• Work order
Restate word for word the line containing "PiuPiuChick - Socken, Braun" and all remaining lines of the entries below.

• Listed records
━━━━━━━━━━━━━━━━━━━━━━━━━━━━━━

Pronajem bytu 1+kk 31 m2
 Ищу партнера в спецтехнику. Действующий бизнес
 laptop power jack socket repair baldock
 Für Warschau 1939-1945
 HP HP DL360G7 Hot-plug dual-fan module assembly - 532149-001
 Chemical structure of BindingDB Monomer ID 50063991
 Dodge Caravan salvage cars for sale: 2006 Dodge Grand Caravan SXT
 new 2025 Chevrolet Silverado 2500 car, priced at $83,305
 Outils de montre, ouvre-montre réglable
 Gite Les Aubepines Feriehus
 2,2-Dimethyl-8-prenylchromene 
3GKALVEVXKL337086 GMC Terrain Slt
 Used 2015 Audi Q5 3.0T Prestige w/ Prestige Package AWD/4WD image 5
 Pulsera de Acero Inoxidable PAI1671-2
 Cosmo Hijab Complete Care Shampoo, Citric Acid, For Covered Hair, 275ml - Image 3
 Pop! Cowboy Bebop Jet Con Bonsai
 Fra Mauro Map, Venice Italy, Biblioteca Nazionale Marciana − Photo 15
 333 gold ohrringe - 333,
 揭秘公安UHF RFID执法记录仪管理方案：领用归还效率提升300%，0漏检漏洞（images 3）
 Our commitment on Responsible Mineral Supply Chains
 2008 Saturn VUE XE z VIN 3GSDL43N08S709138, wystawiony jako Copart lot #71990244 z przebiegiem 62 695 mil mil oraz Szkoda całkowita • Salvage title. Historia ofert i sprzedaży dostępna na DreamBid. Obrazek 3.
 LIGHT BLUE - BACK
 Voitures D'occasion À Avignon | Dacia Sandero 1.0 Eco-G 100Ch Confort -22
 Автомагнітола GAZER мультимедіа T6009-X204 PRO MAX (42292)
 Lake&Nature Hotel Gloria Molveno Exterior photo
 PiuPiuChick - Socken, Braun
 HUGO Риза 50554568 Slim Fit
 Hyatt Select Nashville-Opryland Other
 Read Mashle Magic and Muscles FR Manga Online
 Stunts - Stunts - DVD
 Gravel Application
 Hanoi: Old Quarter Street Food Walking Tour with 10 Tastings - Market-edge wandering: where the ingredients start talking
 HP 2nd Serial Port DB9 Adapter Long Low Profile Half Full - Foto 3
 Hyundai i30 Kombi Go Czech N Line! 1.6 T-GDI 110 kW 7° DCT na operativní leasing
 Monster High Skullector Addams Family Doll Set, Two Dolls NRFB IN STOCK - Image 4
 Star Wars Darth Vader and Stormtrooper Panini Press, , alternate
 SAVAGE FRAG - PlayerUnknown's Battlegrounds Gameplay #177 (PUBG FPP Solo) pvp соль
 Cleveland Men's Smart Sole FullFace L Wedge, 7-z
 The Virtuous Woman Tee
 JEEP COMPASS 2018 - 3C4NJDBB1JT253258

━━━━━━━━━━━━━━━━━━━━━━━━━━━━━━

• Exercise result
 PiuPiuChick - Socken, Braun
 HUGO Риза 50554568 Slim Fit
 Hyatt Select Nashville-Opryland Other
 Read Mashle Magic and Muscles FR Manga Online
 Stunts - Stunts - DVD
 Gravel Application
 Hanoi: Old Quarter Street Food Walking Tour with 10 Tastings - Market-edge wandering: where the ingredients start talking
 HP 2nd Serial Port DB9 Adapter Long Low Profile Half Full - Foto 3
 Hyundai i30 Kombi Go Czech N Line! 1.6 T-GDI 110 kW 7° DCT na operativní leasing
 Monster High Skullector Addams Family Doll Set, Two Dolls NRFB IN STOCK - Image 4
 Star Wars Darth Vader and Stormtrooper Panini Press, , alternate
 SAVAGE FRAG - PlayerUnknown's Battlegrounds Gameplay #177 (PUBG FPP Solo) pvp соль
 Cleveland Men's Smart Sole FullFace L Wedge, 7-z
 The Virtuous Woman Tee
 JEEP COMPASS 2018 - 3C4NJDBB1JT253258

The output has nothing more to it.